Les dernières sessions de la TICAD ont d'ailleurs abordé ces enjeux. Ainsi par exemple, un projet destiné à doubler la production de riz en Afrique en une dizaine d'années a connu une belle réussite. De même, un programme que le Japon a initialement lancé au Kénya pour aider les petits exploitants agricoles à améliorer leur productivité se développe aujourd'hui dans d'autres pays africains.

Tout comme la méthode kaizen (amélioration de la qualité et de la productivité) introduite par le Japon pour dynamiser le secteur manufacturier éthiopien est maintenant adoptée par plusieurs pays africains. Et cela vaut également pour d'autres initiatives japonaises en Afrique, notamment l'initiative de promotion boshi-techo (manuel de santé maternelle et infantile) et le programme de pratiques kaizen pour les hôpitaux.


Renforcer la résilience

À l'occasion de la TICAD 8, le Japon devra réaffirmer ses ambitions de rallier le plus grand nombre possible de pays africains à la construction de la résilience.

Il faut aussi encourager l'innovation pour passer à la vitesse supérieure dans de nombreux domaines du développement en Afrique. En effet, l'infrastructure des technologies de l'information et de la communication (TIC) de l'Afrique est encore peu répandue. Malgré tout, à travers de nombreuses régions d'Afrique, des idées innovantes sont peu à peu exploitées pour transformer la société. L'Afrique est à l'avant-garde de cette innovation. De nombreux entrepreneurs africains ambitieux ont participé à un concours organisé par la JICA pour récompenser de jeunes entreprises d'exception.

Le rôle du secteur privé a été mis en avant dans le processus de la TICAD depuis la TICAD 5 qui s'est tenue en 2013. En effet, les décideurs africains ont multiplié les appels à « plus d'investissements que d'assistance ».

Par ailleurs, les données mondiales montrent que les investissements directs à destination de l'Afrique sont en augmentation. Toutefois, les investissements des entreprises japonaises en Afrique restent malheureusement insuffisants. Cette situation pourrait se relier à la tendance à percevoir l'Afrique comme trop lointaine au Japon. Et pourtant, le potentiel de l'Afrique est si évident que le Japon ne peut plus continuer à tourner le dos au continent.

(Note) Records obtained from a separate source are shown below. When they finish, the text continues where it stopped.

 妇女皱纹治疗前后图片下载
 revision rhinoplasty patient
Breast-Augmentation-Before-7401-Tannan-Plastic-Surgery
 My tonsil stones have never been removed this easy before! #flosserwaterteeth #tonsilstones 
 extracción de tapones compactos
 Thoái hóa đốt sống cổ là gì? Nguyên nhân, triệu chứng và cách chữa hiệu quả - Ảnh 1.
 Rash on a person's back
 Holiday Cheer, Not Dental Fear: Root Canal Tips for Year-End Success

Il est certain que dans un monde en crise, les risques liés à l'Afrique peuvent paraître élevés. Mais, il faut aussi considérer les jeunes entrepreneurs africains qui créent leurs propres startups. Il est manifeste que le futur potentialité de développement de l'Afrique existe parmi les jeunes africains.

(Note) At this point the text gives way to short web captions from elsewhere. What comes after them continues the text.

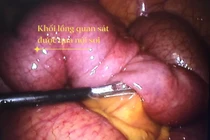 Tắc ruột do lồng ruột vì u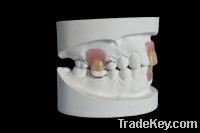 Sell acrylic denture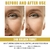 Conjunto de Sérum Facial Ouro 24K Ácido hialurônico Sérum para Acne Hidratante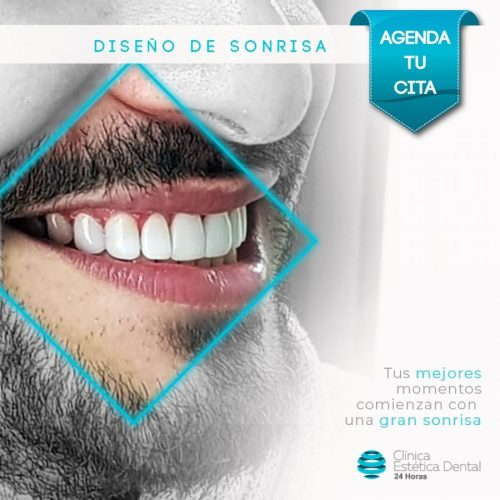 diseño-de-sonrisa-bogota-900x900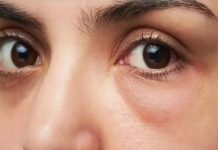 Sưng đau bọng mắt dưới thường không phải là dấu hiệu của bệnh lý nghiêm trọng
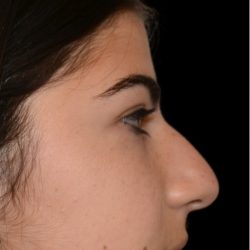Rhinoplasty Before & After Patient #18266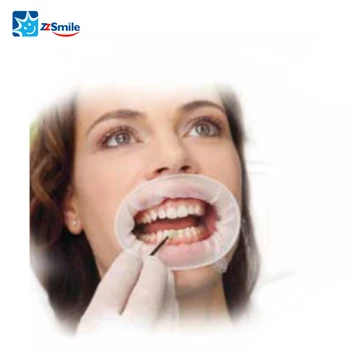 

Three-Dimensional Opening Device Dental Extraoral Cheek Retractor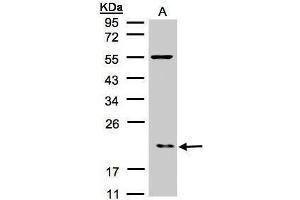 WB Image Sample(30 μg of whole cell lysate) A:Raji , 12% SDS PAGE antibody diluted at 1:500 (ARPC3 抗体)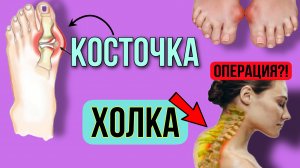 Холка - ВДОВИЙ ГОРБИК. Как избавиться? Косточка пальца ноги - халюс вальгус. Лечение без операции.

De son côté, le Japon promeut une vision « indo-pacifique libre et ouverte ». Or, l'Afrique est située à l'extrémité occidentale de cette vaste région. Aujourd'hui, l'ordre international est fortement ébranlé et l'Afrique est confrontée à de sérieux défis. Alors, il faut rappeler que c'est dans le besoin que l'on reconnaît ses vrais amis. Le moment est donc venu pour le Japon de démontrer qu'il est effectivement un ami de l'Afrique.

La TICAD 8 est une étape décisive pour le Japon et l'Afrique afin d'approfondir le lien d'amitié qui les unit.

TANAKA Akihiko
Président
Agence japonaise de coopération internationale

L'article original en japonais a été publié dans « Regards sur le monde »
du Yomiuri Shimbun le 31 juillet 2022.